Is this the year where the mall dies?

I know physical retail has been on a decline for the past several years, but most stores were getting by and only moderately downsizing. I noticed this year has been insane with the amount of store closings, some which are closing all stores. In one of the towns I drive through when traveling, the Macy's has closed, the JCP is about to close, and the Sears has announced it will close this location as well. This accounts for like 40% of the rentable square footage for place. Then there is a retail center I live near that has stores like Bed Bath & Beyond, Michael Kors, and others. Probably about 15% of the rentable square foot will be unoccupied by early next year.

Anyone noticing the rapid growth in store closures this year?
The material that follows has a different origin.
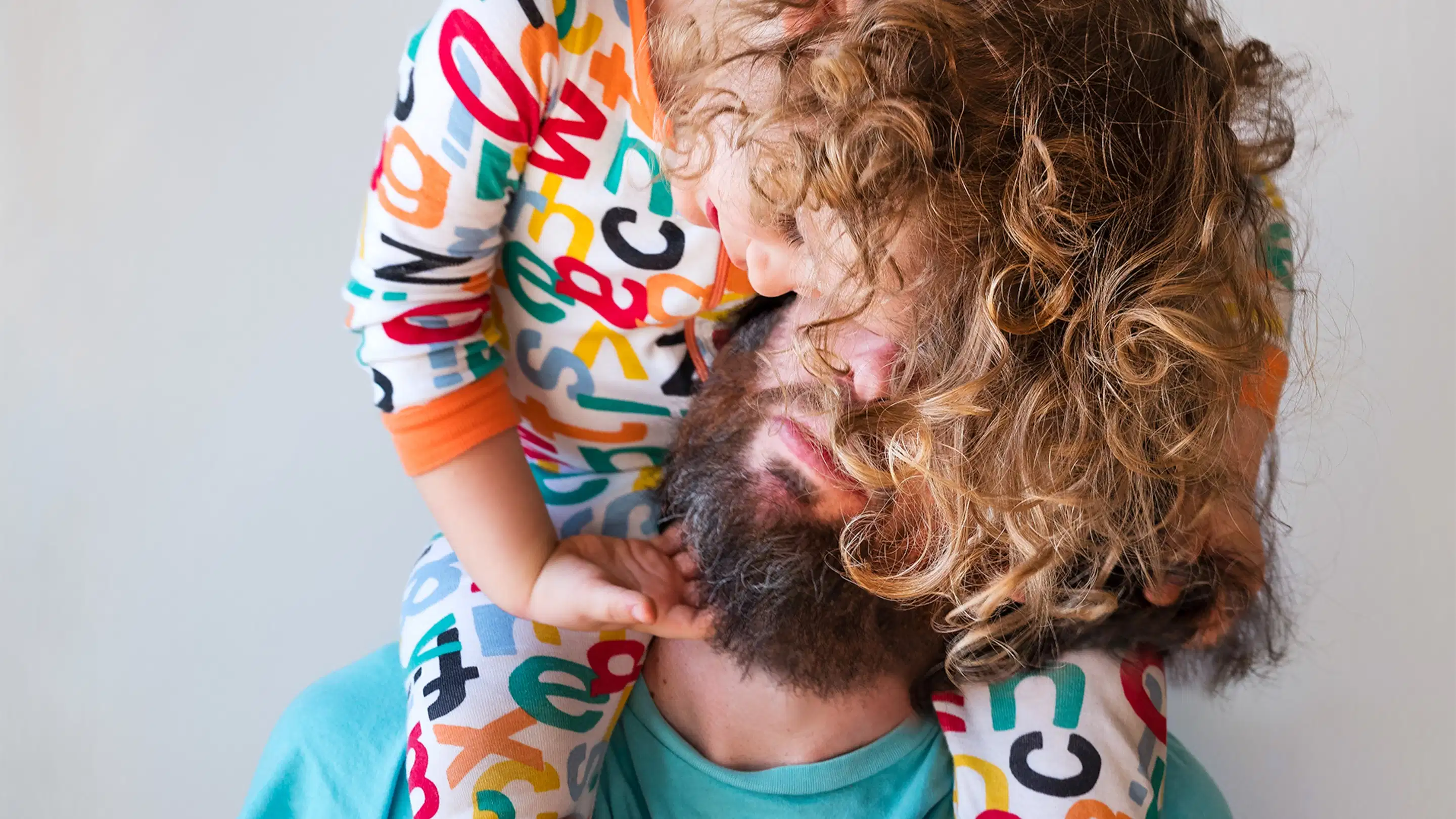 A documentary photograph of a child in a onesie patterned with letters sitting on the shoulders of their father. The child is draped over their head so the father’s eyes are covered. The father is holding their child’s legs and is wearing a blue short sleeve shirt.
How about you guys that own retail RE? Are cap rates increasing? Are you getting worried or are you still able to re-lease the space quickly.

I like innovation, but at the same time, I enjoy going out with friends/wife to go shopping physically and making it a night out. I think we are losing that personal touch to the mall. Thoughts?

 
Best Response

I thought that this was a very interesting presentation by GGP at REITWeek: http://reitstream.com/reitweek2017/ggp A few of things that I found interesting: * Their spin on department store closures: these failing retailers are no longer delivering value to their centers and replacing them with alternative uses (he names a bunch including theaters, fitness centers, restaurants, and even grocers) will continue to provide increased traffic to their malls. * That retailers are becoming more "channel agnostic" - typical strip retailers are not opposed to relocating into regional malls. For retailers that may not fail, but are rethinking their physical strategy, locating in malls can be a very good option. (Obviously they own malls so he is biased on this, but reasoning at least sounded compelling) * Omni-channel retailing: he talks about online-retailers who are opening physical stores and physical retailers who are diving into online headfirst - and how it doesn't matter who wins, since they both require a physical footprint in top locations. All of these indicate that while the composition of tenants is going to change, well-located malls are still going to be in demand both from retailers and shoppers. To your point above, the math might be a little more difficult at small-town malls and swallowing hundreds of thousands of SF of vacancy created by these store closures could take a little longer.

Anecdotally, there is mall-located Sears in my market has announced that it is closing later this year. However, they have been carving out their space to smaller tenants for years so the impact won't be nearly as large as if the whole space was vacated at once. And back to point number 1 above, I don't think that Sears has been a great draw for customers at this mall for some time and replacing them with a better user/use will be a net positive for shoppers, other tenants and the landlord.

 

Echoing what has been said above, I think it is more of a redefinition of the traditional mall rather than a killing-off. Many tertiary malls that were built decades ago when the mall was king are going to wither away, but well-located malls in markets with the population to support them seem to be doing just alright and may even benefit from the increase in open-mindedness and creativity from tenants that previously would not have considered leasing mall space. Malls that can survive the shift from large department store anchors into more, smaller bays may even benefit from more distributed vacancy risk and higher overall rents.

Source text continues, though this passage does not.